Are personas really useful and are people in the team going to use them? Some thoughts on one of the most overrated design fads. Article written in September 2013.
In my experience as a user experience designer, personas are largely overrated, and might not bring the benefits that are expected. I’ve seen companies spending a huge amount of money to create personas that nobody ever looked at. When Alan Cooper introduced personas in his book The lunatics are running the asylum, he described a completely new way to design products where users’ need are the main focus, and that change was such an important step forward. But look at the way personas are used by organisations: do they help designing better products? In the vast majority of cases, arguably they don’t.
This is not to say that personas aren’t useful as a design tool, but I don’t see much value in spending time to model archetypal representations of user types without focusing on the practical, specific needs that real people will want to fulfil. As a designer, one needs to foresee what people will look for and how they will try to accomplish their goals, in a specific context of use. When Cooper introduced the concept of personas, he also recommended writing scenarios, as a way to empower design. The reality, though, is that design teams tend to focus on personas and neglect scenarios; I don’t see how a good design solution can come out of that.
Personas tend to include unnecessary detail such as demographics, names, photos, while they fail to summarise the complex variety of needs and usage scenarios that real users express in real life situations.
Despite that, personas have become very popular. I believe this is due to the fact that non designers who influence the business decisions and therefore the design, and among these, strategists and marketing people, see personas as tools familiar to what they are used to deal with, such as marketing demographic segments. Therefore they are in favour of personas as a product development tool.

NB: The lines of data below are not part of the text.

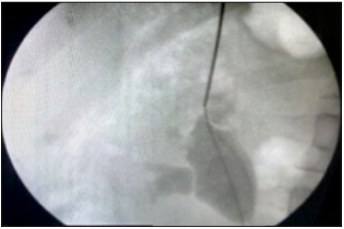 Safety and efficacy of supracostal superior calyceal approach for percutaneous renal surgery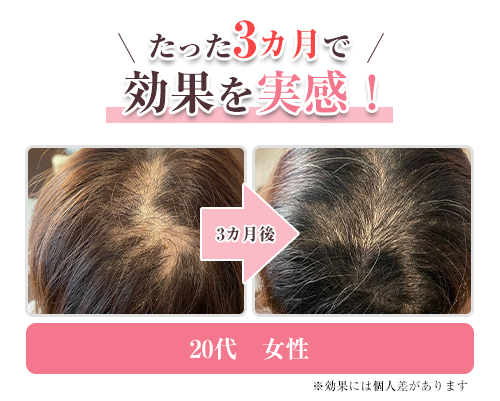 育毛④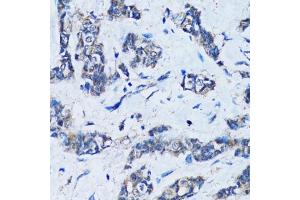 Immunohistochemistry of paraffin-embedded human breast cancer using HDAC5 antibody (ABIN6290464) at dilution of 1:100 (40x lens). (HDAC5 anticorps)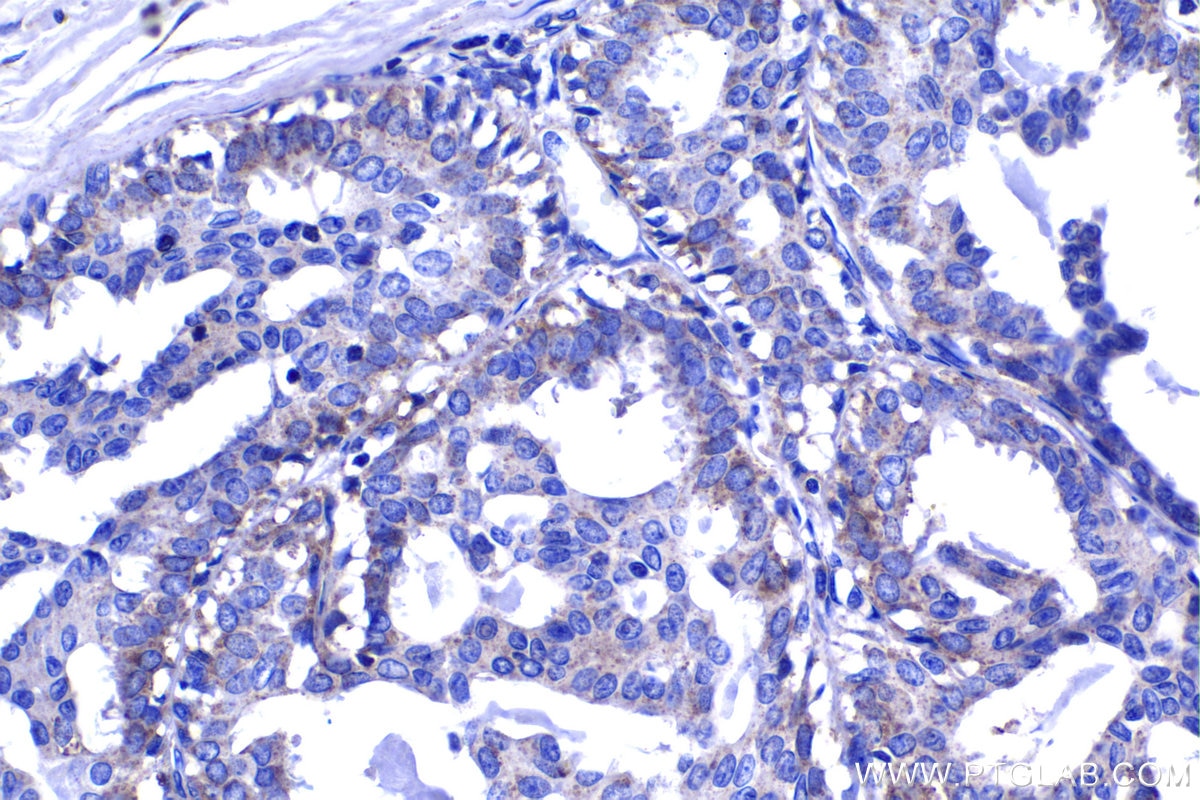 Immunohistochemical analysis of paraffin-embedded human breast cancer tissue slide using KHC1389 (GCNT2 IHC Kit).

Many of these people foster the creation of personas with high expectations in mind and the desire to engage people, making sometimes valuable efforts, but unfortunately they are not used to put themselves in the users’s shoes. And the need to sell and to convince people is still stronger than the need of giving people what they need. When personas are developed in this context, far from an authentic design perspective, they end up being almost useless. How do you double check whether the design solutions you are choosing will really offer people what they need when they need it?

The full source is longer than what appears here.